GARA Euskal Herriko egunkaria
JO PUNTUA

El garantismo penal español


Mi amigo Luis se gana los garbanzos platicando con el alumnado acerca de esa herrumbrosa cosa denominada filosofía, tan perseguida y denostada por neoliberales de izquierda y derecha, que trata acerca de la tarea de pensar: problematizar todo aquello que damos por sentado y no dar nada por supuesto. Pues bien, a Luis, profesor desde hace décadas, le exigen un «certificado negativo del Registro Central de Delincuentes Sexuales» para demostrar «no haber sido condenado por sentencia firme por algún delito contra la libertad e indemnidad sexual, que incluye la agresión y el abuso sexual, acoso sexual, exhibicionismo y provocación sexual, prostitución y explotación sexual y corrupción de menores».
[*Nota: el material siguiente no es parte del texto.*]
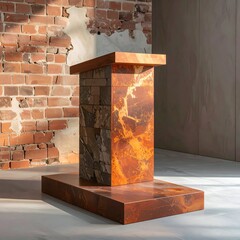 Ornate, stone and wood podium set against a brick wall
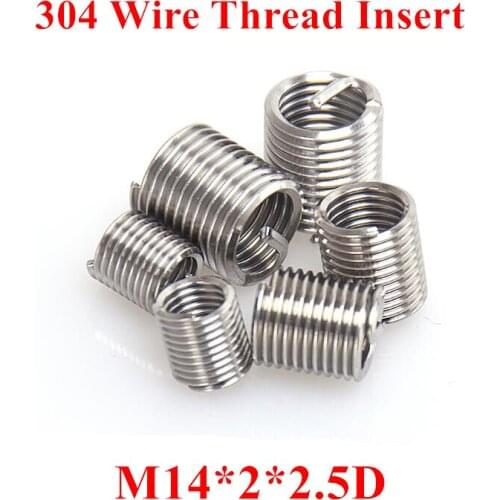 50pcs M14*2*2.5D Wire Thread Insert 304 Stainless steel M14 Screw Bushing, m14*2.5D Wire Screw Sleeve Thread Repair Insert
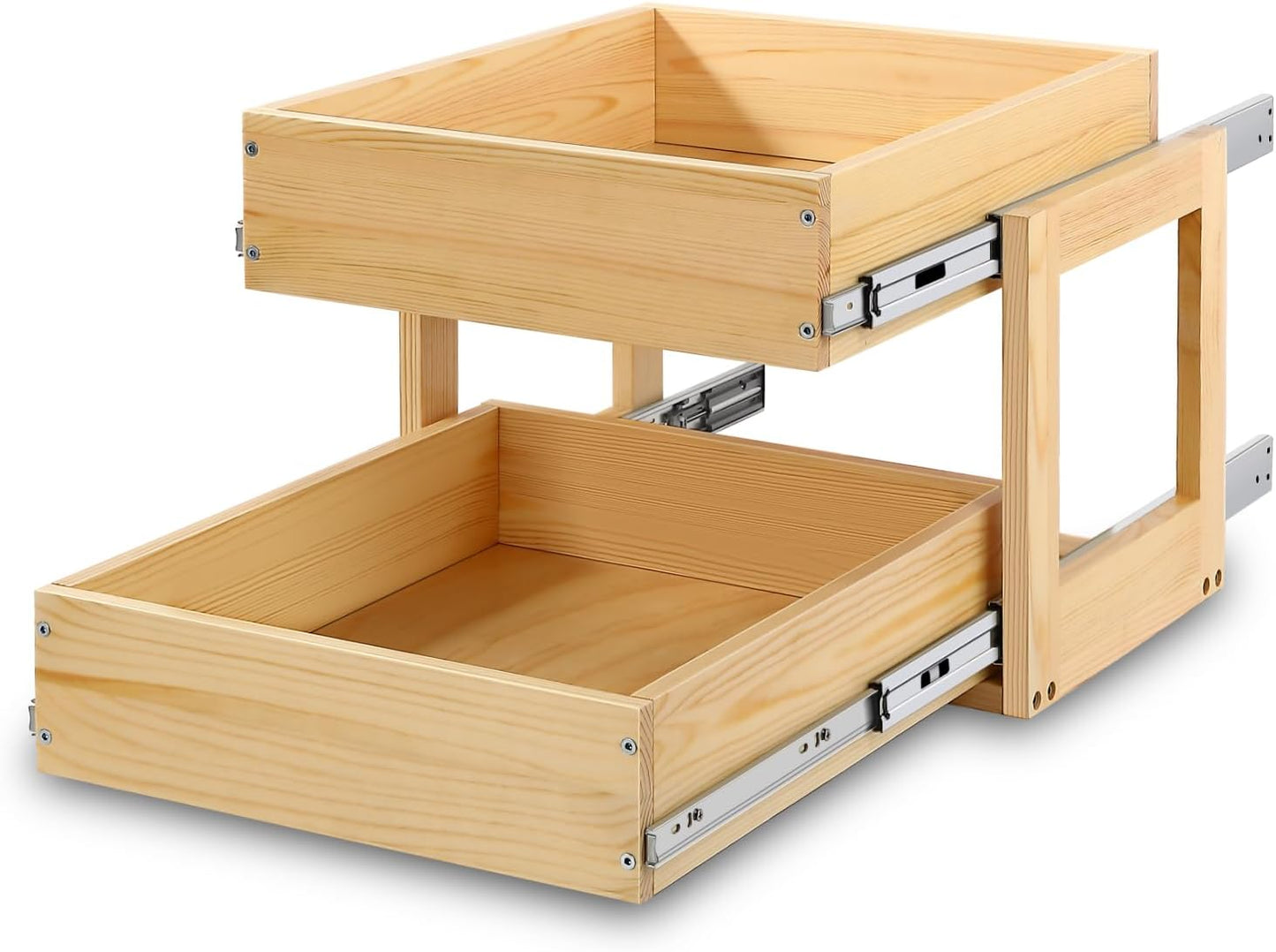Pull Out Cabinet Organizer 17''W×21''D×16''H Slide Out Drawer | Soft Close Wood Kitchen Pullout Drawers for Cabinets Shelves for Kitchen, 2-Tier, Finished, Heavy-Duty, Bottom Assembly
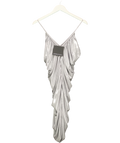 Norma Kamali silver SLIP DIANA MINI DRESS, size UK M — front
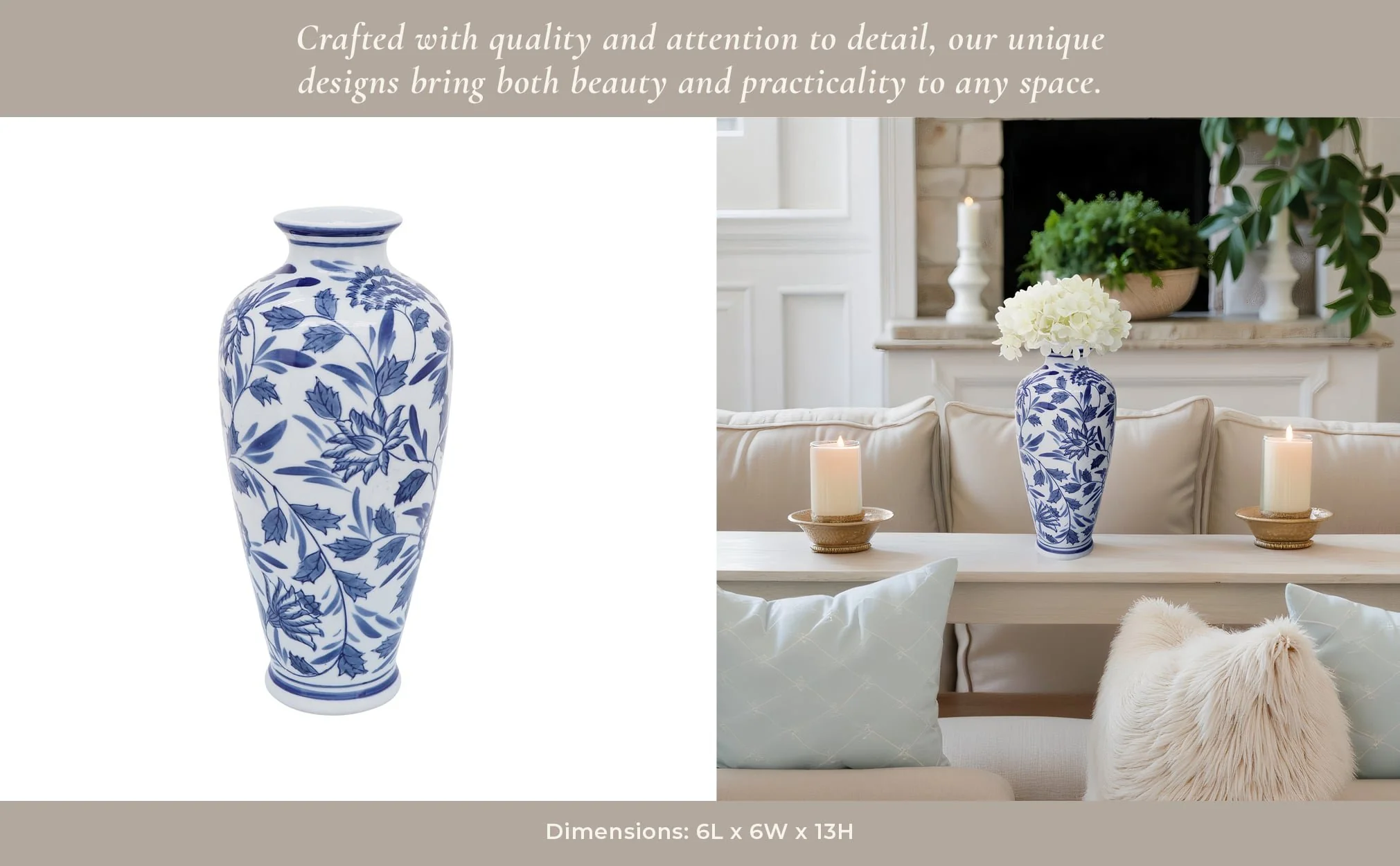 Cer, 13"h Chinoiserie Vase, Blue/white - Image 11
–Coño Luis, «corrupción de menores», aquello por lo que condenaron a Sócrates. ¿Piensan que el profesorado de Filosofía es más proclive que otros al exhibicionismo corporal a fin de provocar en el alma del alumno el deseo sexuá y las bajas pasiones?

–No Fede, la ley de marras del PP se refiere a toda «profesión, oficio y actividad que implique contacto habitual con menores». Debe presentarla también el personal administrativo, de conserjería y de limpieza.

–¿Y los pediatras, los obispos y demás clerigalla, los vendedores de chuches, políticos besaniños, los monitores de Boy Scouts en pantaloncitos cortos y las dicharacheras catequistas de falda plisada también?

–Ni lo sé ni me importa, Fede. Lo que debiera preocuparnos es la sumisión, ahora debemos demostrar nuestra inocencia si queremos trabajar. Dotando a la ley de un carácter retroactivo que quiebra todo Derecho: los que actuaron antes de que existiera la ley sufrirán igual pena. Además, impide una posible reinserción del delincuente. No tardarán en crear el Registro Central de Terroristas, Comunistas, Anarquistas y Gentes de Moral Distraída. Al tiempo.

Mi amigo Luis al igual que la pederastia detesta el abuso de poder en todas sus formas, aunque legales.